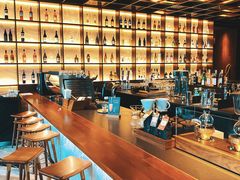 -星巴克臻选®️咖啡·酒坊Bar Mixato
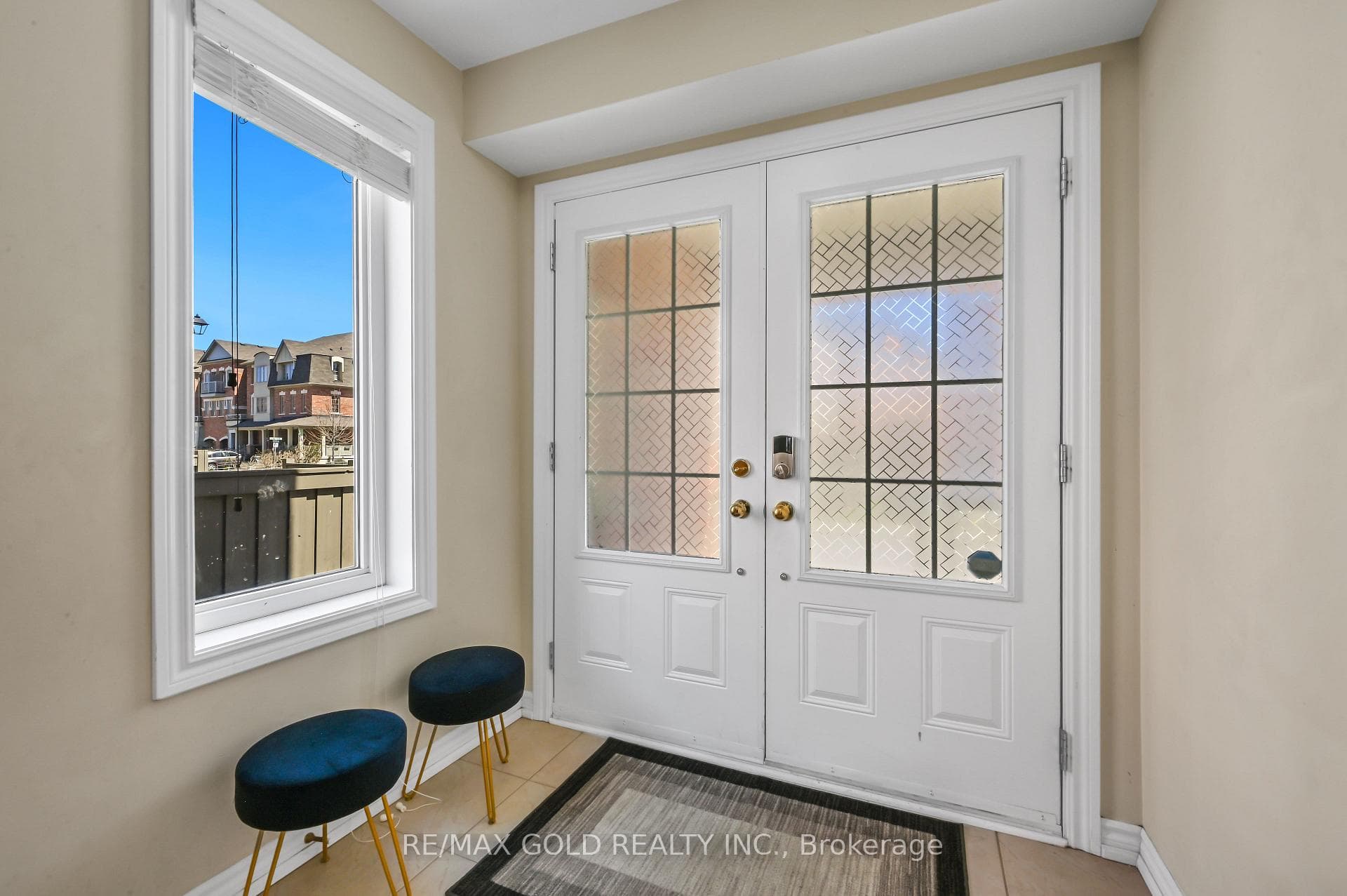 3 Shiff Crescent photo 6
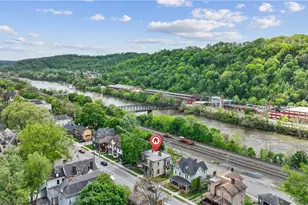 1324 3rd Ave, New Brighton, PA 15066 - Photo 11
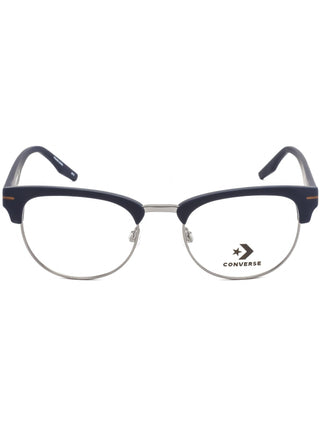 Converse CV3006 Oval Eyeglasses-Beverly Hills Eyewear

# [PROBLEM STATEMENT]
Every line between the one containing "3 Shiff Crescent photo 6" and the end of the listing, both included, needs to be retyped exactly, minus the pictures.

# [ANSWER TO THIS EXERCISE]
 3 Shiff Crescent photo 6
 1324 3rd Ave, New Brighton, PA 15066 - Photo 11
 Converse CV3006 Oval Eyeglasses-Beverly Hills Eyewear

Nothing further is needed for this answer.